Tom DeMark has been absolutely lambasted since he first proposed his 1929 analog a few months ago. It suggests stocks might be following a similar pattern today as they did back then, ultimately headed for a crash. Even many market watchers I deeply respect have turned the study into a joke on social media.
To these folks I’d just like to point them in the direction of Paul Tudor Jones II, one of the most successful hedge fund managers in history. Anyone who has read the original “Market Wizards” should be familiar with his story. It begins, “October 1987 was a devastating month for most investors as the world stock markets witnessed a collapse that rivaled 1929. That same month, the Tudor Futures Fund, managed by Paul Tudor Jones, registered an incredible 62 percent return.”
How did he do it? How did he manage to profit so handily from an event nobody saw coming? Jones answers, “our analog model to 1929 had the collapse perfectly nailed. [Paul Jones’ analog model, developed by his research director, Peter Borish, super-imposed the 1980s market over the 1920s market. The two markets demonstrated a remarkable degree of correlation. This model was a key tool in Jones’ stock index trading during 1987.]” The 1929 analog was the “key” that helped him predict and prepare for the crash.
Jones and DeMark are two of the men I respect most in this business. I believe that one of the main reasons behind their success is their ability to, ‘keep their heads and have faith in their own convictions when all about them are losing theirs and doubting them.’ To me, this latest 1929 analog is still valid until the Dow Industrials make a new high. Until then, I’ll take the ridicule as a contrarian sign that Tom is onto something.
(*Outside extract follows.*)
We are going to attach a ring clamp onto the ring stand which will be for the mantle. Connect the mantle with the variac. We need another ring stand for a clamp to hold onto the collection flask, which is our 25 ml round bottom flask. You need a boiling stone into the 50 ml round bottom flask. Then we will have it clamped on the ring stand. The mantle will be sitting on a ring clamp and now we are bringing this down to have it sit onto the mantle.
UPDATE: After I shared this post with Tom via email he shared this response with me:
In regard to the 1929 comparison it was taken entirely out of context and was merely a talking point. It originated from an interview with a business week reporter in early October. At that time, she was asking about the market and I forecast it would likely bottom October 7 or 8—interview was October 7 i believe—and it would rally 12.6% and a likely market top would appear. She asked if it would be a major market top and I replied anecdotally among the charts we were following at the time was a comparison between 1929 and the current market and I sent the chart to her. It showed the rally from the August 1929 low to the September 3, 1929 peak was also 12.6%. She asked if I expected the same outcome and my one sentence response which she quoted in the article and appeared beneath the gold chart– “I’m (the analog) not afraid I’m going to be wrong,” DeMark says. “I’m just saying it’s something to consider.” See link http://www.businessweek.com/
articles/2013-10-14/hedge- fund-chart-guru-tom-demark- sees-dark-days-ahead
Subsequent to the article we received various congrats as the both DJIA and SPX rallied 12.6-12.7% into their respective december 31 and Janaury 14 highs. Then the market declined and unexpectedly we received interview requests from virtually around the world. The casual comparison between the two periods surprisingly had taken on a life of its own. Late Novenber and December tv interviews served to fuel the fire of this analog. Finally when I appeared on CNBC at the february bottom the topic of conversation, just as it had been throughout the decline and in interviews, was the comparison and I was very clear it was unlikely to occur and assigned 10% likelihood and this was also mentioned on Glenn Beck interview about the same time.Now you have the background of how a casual remark erupted into something more than intended. Agree with your assessment that DJIA has not yet cancelled the comparison. In fact the following report by Goldman Sachs seems to agree with you as they conducted their own research of comparable market periods and the one with the strongest correlation was actually identical to what we off-handedly referenced in an interview early last Ocotber—see below for Goldman update.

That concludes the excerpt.